Chorou até doerem os pulmões a criança, sem perceber que os olhos da avó também se derramavam em doídas lágrimas por não entender como mabé só pioraria o câncer daquele anjo insano de cisma.
Corra e não se deixe para trás.

Monday, April 03, 2006

Alipístico

Cresci ouvindo que minha avó paterna era uma víbora, que meu pai era um canalha, que meu tio era o mais simpático, que minha tia já falecida era boa pessoa, no entanto jamais ouvi algo sobre o patriarca. Corcunda, ranzinza, banguela, cabelos brancos, chapéu, alpercatas, camisas de linho; se era assim ou não jamais soube por outras pessoas.
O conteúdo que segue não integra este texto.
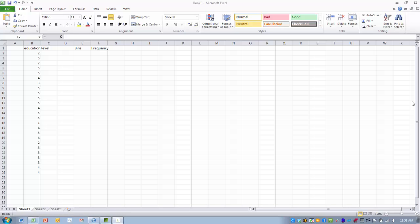In this case, the data we're using are data gathered on education level for a group of subjects. Each of the subjects would fit into a particular category, and we have five different categories of education level. So this function will allow us to determine the frequency of subjects that fit into each education level or category.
Descobria ao chegar em sua casa, mas nas férias seguintes lembrava-me que já havia esquecido tudo e precisava observar de novo. Seu Alípio, tio Alípio, vô Alípio, sempre assim.
Alípio de olhos azuis, ralos cabelos brancos, bengala, forte, sorriso constante, do boné de modelo antigo. Gracioso, piadista, voz grave enrouquecida pelo tempo, chinelo e sono, muito sono. Do andar de baixo pra rede, da rede pro almoço, do almoço pra se perder nos braços de Morpheu. Não lhe ouvi roncar, nem reclamar de nada. Aprecia bacaba, a casa da Tatá, os sobrinhos que velhos já vão ficando, os poucos netos e viajar.
Abraçava-me chamando-me de Thayse. Eu explicava, sempre, sem exaustão, que era filha do Amaury e não do Aurimar. Ele entendia, mas nas férias seguintes confundia-se novamente. Sempre soube minha idade melhor que meu pai, único que faz-me rir no casarão velho do Jurunas.
Quando morrer, provavelmente saberei só um tempo depois. Talvez não chore, apenas sinta sua ausência sutil e peculiar.
Parece que descobri um pouco tarde que sou neta de Alípio.